When the debate about non-Western democracies first took off, it was focused on these countries’ successes and their appeal to other reformers around the world. The picture now is a more troubled one. There are still democratic successes outside the West, and many rising powers continue to make quiet, almost unnoticed progress toward more pluralistic political systems. But overall political trends have shifted. While previously many analysts and policymakers were focused preeminently on the advances that non-Western democracies were making, today they are equally concerned with the backsliding that afflicts some of these states.

That said, democracy’s troubles are, if anything, even more sobering in the West. Freedom House’s 2018 report foregrounds the worrying state of democracy in several European countries.15 The Economist Intelligence Unit’s 2018 Democracy Index shows that since 2006 Western Europe and Eastern Europe have witnessed the heaviest falls in democratic quality of all regions.16 The index also downgraded the United States from a full democracy to a flawed one. It seems relatively clear that these internal challenges have an impact on external democracy support. Writers such as G. John Ikenberry, Joseph Nye, and Larry Diamond have recently argued that the link between Western democracies’ poor internal health and external democracy support is becoming a dominant factor: the thinking goes that it is because democracy is treading water in the West that nondemocratic powers are emboldened to undo elements of the liberal order and are gaining influence internationally.17

Interestingly enough, these trends mean that some non-Western countries will be both providers and recipients of democracy support. One curious implication of non-Western democracies’ problems is that these countries may in some cases continue to be targets of Western democracy support, even as they seek to engage, through their own foreign policy initiatives and as aid donors themselves, in political processes beyond their borders. This democracy-related dynamic is one example of a broader feature of the emerging global order: non-Western countries will be both subjects and objects of international politics; they will wield significant international power, even as they remain internally brittle and combustible.

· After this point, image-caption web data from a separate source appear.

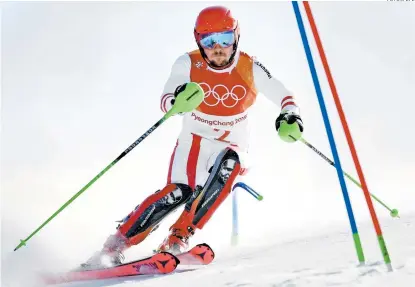  ?? FOTOS: EFE ?? Marcel Hirscher durante el descenso en su prueba donde ganó el oro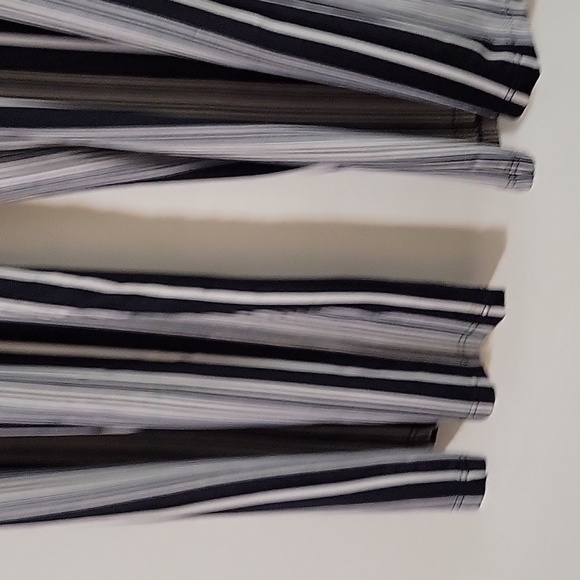 New directions palazzo pants - Picture 2 of 7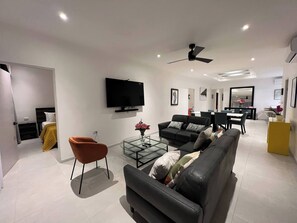 Ferienhaus, 5 Schlafzimmer, barrierefrei, eigener Pool | Zimmerausstattung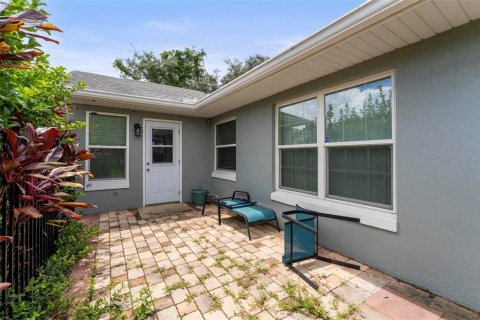 House in Leesburg, Florida 2 bedrooms, 138.98 sq.m. № 1838803 - photo 5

While the negative connections between democracies’ domestic political trends and the politics of the global order are powerful, they vary between countries in ways that do not constitute a neat Western-versus-others divide. For one thing, Trump’s mercurial governing style is causing uncertainty and leaving myriad blemishes on Washington’s international credibility as a democracy supporter. Meanwhile, some Latin American states and Japan are modestly increasing their democracy support. While the domestic politics of India, Indonesia, and Turkey are becoming more illiberal, this is not completely suppressing their external democracy support but rather giving it a more instrumental, geopolitical edge. Turkey has regressed so much toward autocracy that it might seem significant that Ankara engages in any kind of pro-democracy activity at all. In Indonesia, President Joko Widodo has downgraded the country’s focus on democracy support since 2014, but projects through the Institute for Peace and Democracy have continued largely as before.

As these challenges to democracy mount in Western and non-Western states alike, it is striking how little coordination there is between the two groups. Indeed, efforts to develop cooperation on democracy support have atrophied and lost steam in recent years. Western governments began to tout ideas for cooperation with non-Western democracies around a decade ago, an overture that was not enthusiastically received. One early concern non-Western democracies had about such efforts was that Western governments would aggressively push them to back controversial Western-led foreign interventions. Non-Western states were ambivalent about international democracy support in part because they feared they would end up doing the West’s geostrategic bidding and that they would be too closely associated with a Western agenda. Understandably, such countries have been reluctant to sign up for policies that they had little part in designing.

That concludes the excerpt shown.